Out of Chaos, Better Chaos»
So back in the new home (which is an older house than the previous home).
Still living out of cardboard food and cardboard boxes, and a fantastic
backload of mail, and trying to pick up the rubbery tatters of busted
deadlines I dived through to go up to Portland.
But I'm getting there with my desktop PC. It's now got a Soundblaster
Live!, SCSI card and tape backup, CD-RW, video capture, webcam, and PCMCIA
card stuffed into it, and is still coming up for air. Everything's supported
under Linux; I haven't had to recompile the kernel once, although some dancing
was required for the CD-RW.
And my desktop is looking a lot better. Here's what it looks
like now (as opposed to a few days ago). I'm
running Gnome 2, which has just
turned up in Debian unstable. I just typed:
apt-get install -t unstable gnome
to get it all set up. It'd have been a bit tricker if I was upgrading from an
old Gnome installation, but as it is, I timed this pretty well.

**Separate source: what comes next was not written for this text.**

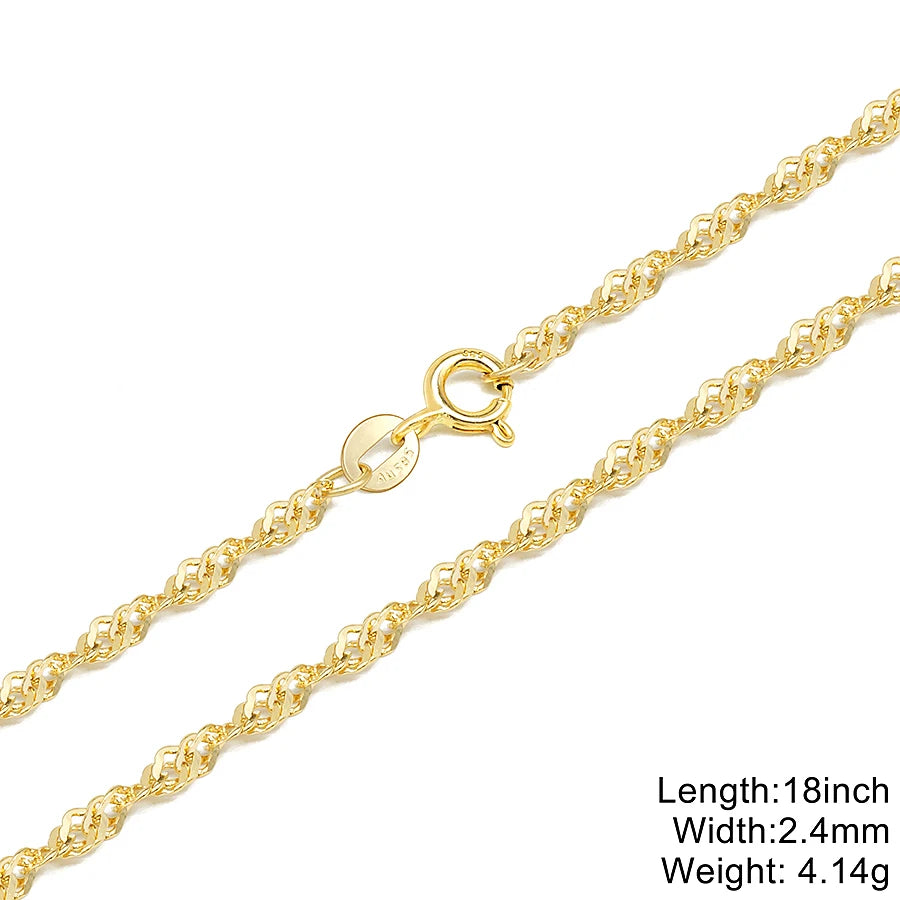 Hot Selling Fine Au585 Real Gold Necklace Solid Pure Oro 14K Gold Chain Jewelry Wholesale Paper Clip Chain Necklace
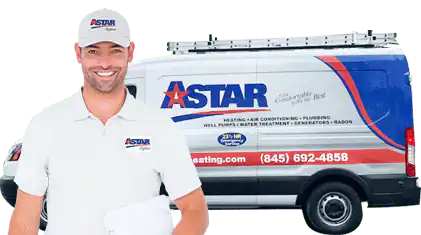 Smiling technician in Astar uniform stands next to a branded Astar service van with HVAC and contact information.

Session management still sucks under X-Windows. That's a bit
unfair, as session management doesn't really exist anywhere else. It's the
feature that's supposed to let your apps pop up and reinstate themselves in
all the right places when you login. In theory, all the windows you see on my
desktop should appear without prompting or dragging or clicking or manhandling
of any kind. Well, that's the theory. For some reason, Mozilla is one of the
few X-Windows apps that pays no attention to session management, which is a
pain. X-Chat seems to obey it, but gets very confused as to where it should
be. And multi-gnome-terminal - the cool tabbed term you can see in the top
left of the desktop plot - just crashes. Yay.
Better news: windows managers are finally getting off the crack pipe in
Linux and doing what they're supposed to. Metacity, Havoc's cut-down
window-manager for Gnome2, does just what I need: including allowing arbitrary
commands to be run from key presses anywhere on the screen. That, and a decent
Alt-Tab logic means I'm pretty close to having an almost mouse-free
existence.
I'm pretty excited about this. I can now get to almost anywhere I want on
the net with just a few keystrokes. I have ALT-G set to go to Google, and I
have ALT-ENTER set to go to my bookmarks page. Mozilla's new typeahead feature
means I can zoom through my bookmarks by just typing what I think the URL is
called. This works fantastically well - I can get to boing boing by just
typing ALT-ENTER,b,o,i,ENTER. I can get to Tom Coates' site by just typing
ALT-G,Tom Coates,TAB,TAB,ENTER (that's enough to do "I feel lucky" on Tom's
name).
It's funny looking at all of this and observing what habits I've picked up
from my time with an iBook. I'm not using multiple workspaces on my new
desktop, a combination of learning to live without them on the iBook, and
suddenly having more screen resolution than I've ever had in my life. And the
whole ALT-ENTER thing smacks a great deal of LaunchBar, a great
Macintosh intuitive keyboard shortcut utility that really needs to be ported
to Linux.
2002-10-29»
Portland, OR »
Grandfather doing much better. Talking to neurologist tomorrow.
Rejected names for kid: Medusa, Yoko.